THE ROLE OF THE PATIENT IN DISEASE MANAGEMENT
For too long, patients were often excluded from decisions regarding management of their condition. This has been addressed with the publication of the European League Against Rheumatism (EULAR) recommendations for patient education in inflammatory arthritis.72 Shared decision-making between the patient and rheumatologist is now an overarching principle in the recommended management of axSpA.58
To ensure that the patient can partake in all elements of this shared decision, education is key and refers to all activities that ensure an individual is well-informed about their condition, from education about treatment options to general health education and health promotion.72 Patient education, which can range from patient information leaflets to structured educational programmes, has been shown to increase adherence to treatment and promote patient self-management.73
The rheumatology nurse plays a key role in educating patients, with the updated 2018 EULAR guidelines recognising the importance of rheumatology-trained nurses in providing needs-based education to individuals affected with chronic inflammatory arthritis.74 The Educational Needs Assessment Tool (ENAT) is one instrument that can accurately assess an individual’s educational need and has been validated in many rheumatic conditions, including AS.75 Using the results of the ENAT to guide the education of a patient can lead to improved outcomes.76 However, the ENAT alone is not sufficient, and the focus should be placed on individualised patient education, which should be tailored according to their needs.74
One area where patient education is particularly key is in promoting the role of physical exercise in axSpA. Although the most effective exercise protocol in axSpA has not been clearly established, physical exercise is shown to improve disease activity and physical function in individuals with SpA. Despite this, physical activity is lower in adults with axSpA compared to the general population, with higher disease activity levels in those who are less physically active.77 Many individuals with axSpA lack motivation to partake in physical activity, even when aware of the benefits.78 Additionally, many individuals with rheumatic conditions are unaware of physical activity guidelines.79 A 3-month behavioural intervention in axSpA that incorporated motivational interviewing techniques resulted in better QoL, spinal mobility, and physical activity levels in patients with axSpA compared to a control group, which was sustained at Month 6.80 This highlights the positive role that patient education can play in the management of axSpA.
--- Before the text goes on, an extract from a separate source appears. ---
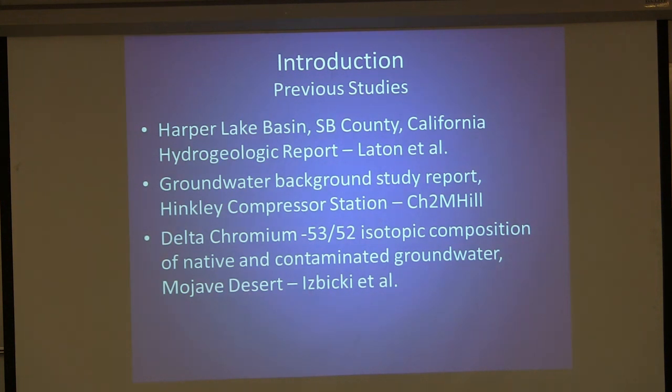Let's go over the previous studies done in the area. In 2007, Dr. Richard Layton and his group did a hydrogeologic report on the Harper Lake Basin, which includes the Hinkley Valley. They sampled 377 wells and conducted groundwater elevation analysis, including historical groundwater elevations and chemical analysis of the water for the entire Harper Lake area.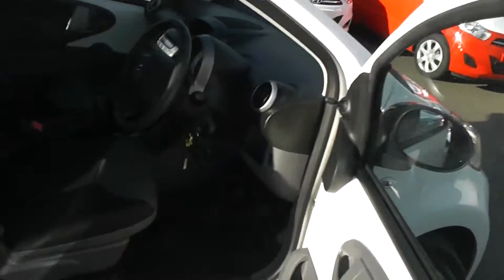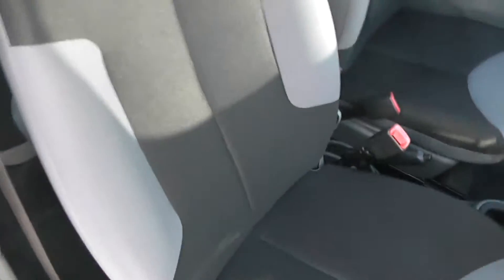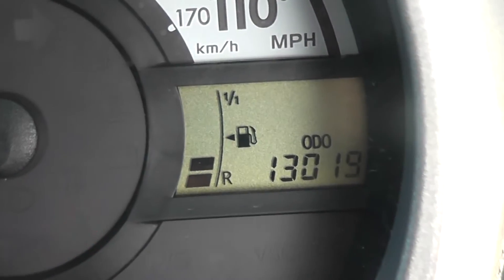Inside the car you have a nice black interior with grey surrounds, showing no sign of any wear or tear — it's a nice little clean car. And as you can see, the mileage on the car is 13,019.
In summary, axSpA is a chronic inflammatory condition, with both spinal and extraspinal manifestations. Recognition of IBP can be challenging, but the most recent ASAS IBP criteria have increased the sensitivity and specificity of the classification criteria. HLA-B27 is thought to play a significant role in the pathophysiology, but more research is needed to fully elucidate the pathways. Awareness of extraspinal manifestations of axSpAis is low, as shown by the infrequent screening that occurs. Regularly assessing multiple different disease outcomes with validated tools is an important part of managing axSpA, and assessing the effect of treatment. Enhancing patient involvement in their own management is also key.